EXERCISE DETAILS.
Print the listing exactly as it stands, and skip any pictures in it.

PROVIDED MATERIAL.
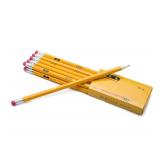 SKKSTATIONERY 576 Pack Pre-sharpened pencils, Bulk Yellow Sharpened Pencils with eraser top, # 2 HB pencil for classroom office Back to school Supplies, Writing, Drawing and Sketching 144Pcs*4Box.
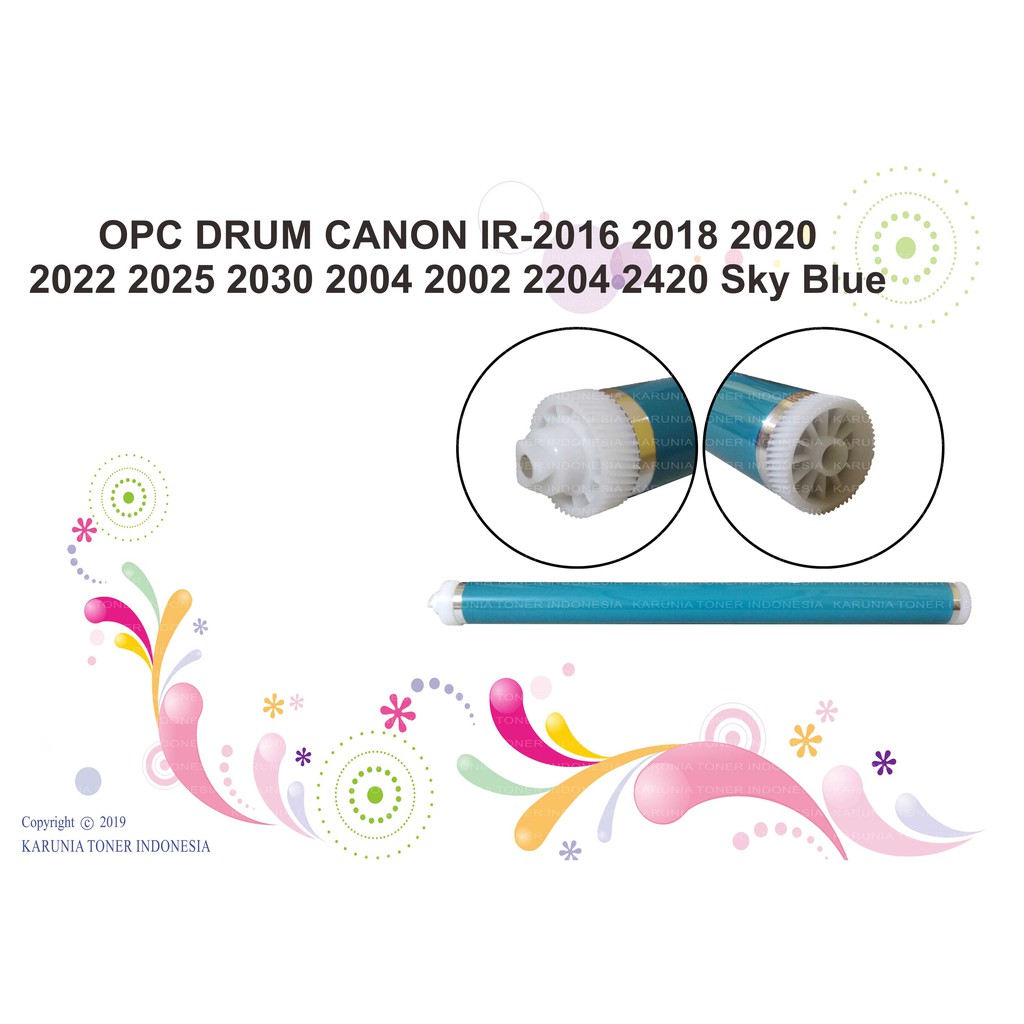 OPC DRUM CANON IR-2016 2018 2020 2022 2025 2030 2004 2002 2204 2420 Sky Blue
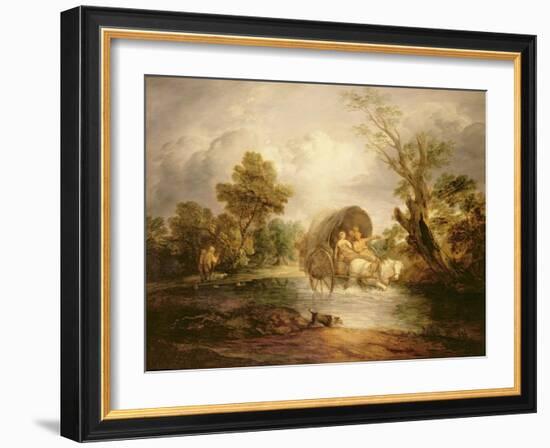 A Country Cart Crossing a Ford, C.1786-Thomas Gainsborough-Framed Giclee Print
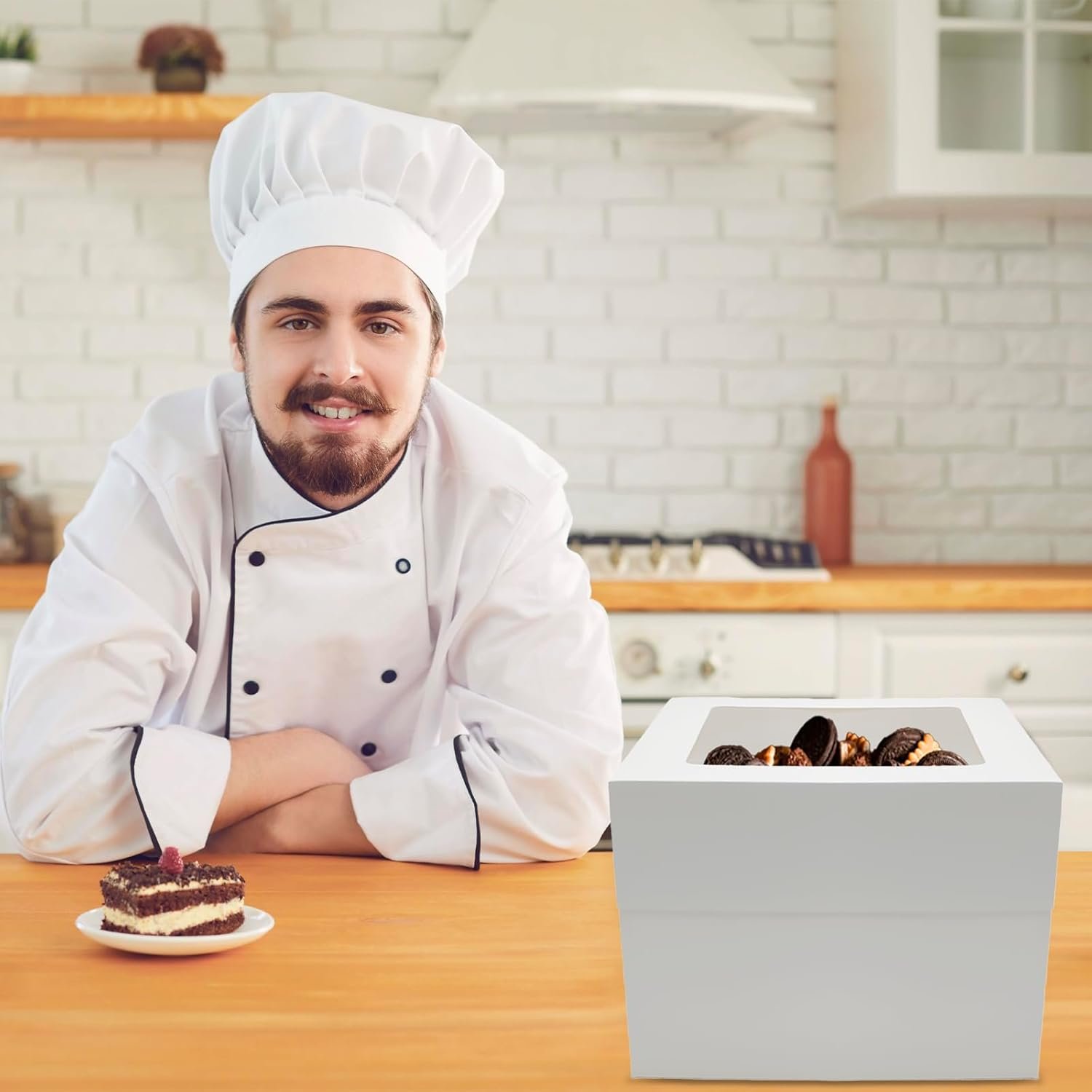 Wholesale 3 Sets Cake Boxes 12x12x10 Inches with Boards Bakery Boxes Manufacturer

RESULT FOR THIS TASK.
 SKKSTATIONERY 576 Pack Pre-sharpened pencils, Bulk Yellow Sharpened Pencils with eraser top, # 2 HB pencil for classroom office Back to school Supplies, Writing, Drawing and Sketching 144Pcs*4Box.
 OPC DRUM CANON IR-2016 2018 2020 2022 2025 2030 2004 2002 2204 2420 Sky Blue
 A Country Cart Crossing a Ford, C.1786-Thomas Gainsborough-Framed Giclee Print
 Wholesale 3 Sets Cake Boxes 12x12x10 Inches with Boards Bakery Boxes Manufacturer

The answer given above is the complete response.